There’s this cliché about writers and how they’re so broken and have such nostalgia for a life that never existed. I think that there isn’t a statement more accurate than this. I can’t help it if I pertain to the clique of people who sit down and write about dreams with people they’ve met and thoughts they could never say aloud.
I wonder, if melancholy can be cured by the simple act of finding comfort in the sound of someone’s words. Its scary to not know, and perhaps that is how melancholy creeps up on one.
I feel like a child, in the sense that I exude this innocent aroma in which I long for kind acts and admire simplicity. Its strange meeting people and having them see this very side of you. They may wonder why or even admire it, but you hold it all in and there’s things you don’t say only think. You begin to retain all your secret desires. You don’t know why and you wonder, why you don’t allow yourself to get close to anyone. I tend to run from things I don’t understand. Seeking this truth that may never arrive and living in doubt that happiness will be by my side. Then something happens and this disbelief vanishes.

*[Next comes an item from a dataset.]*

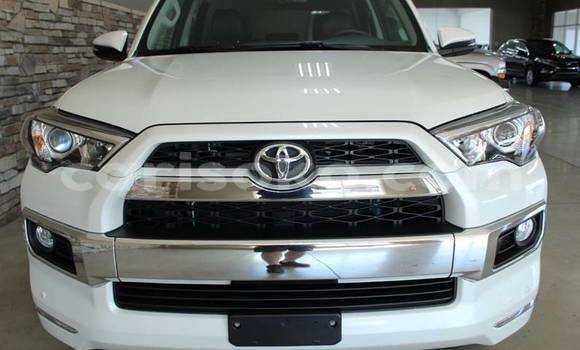 Acheter Occasion Voiture Toyota 4Runner Blanc à Kigali, Rwanda Acheter Occasion Voiture Toyota 4Runner Blanc à Kigali, Rwanda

The truth is, I’m not scared with you. I’m scared when I’m not with you. I feel safe and feeling safe is such hard feeling to attain. Feeling loved is perhaps the best feeling in the world. It’s really cheesy and maybe that’s why there’s a particular holiday that celebrates this emotion, but I have become ill to this epidemic and I’m completely okay with it. Strange? Indeed, I’ve always mustered a certain dislike for such an idea. A common case for people who believe that independence comes from being alone. When In reality, Independence is a state of mind not a state of relationship status. This newfound acceptance I have reached has led me to believe that I don’t need to compromise anything. That being in complete sync with someone does not mean the relentless thing I once thought. Rather, a calming phase in which everything seems in its very place. I want to grow with you and not age wise, but as people. I cant really describe it with any other word but happy. Its simple you make me happy. Together we’re happy and nothing else matters. I’m happy when you kiss me on red lights, and when we lay down and stare into space. Being with someone doesn’t take your individuality; you are an individual who chooses to share all that makes you special with another individual.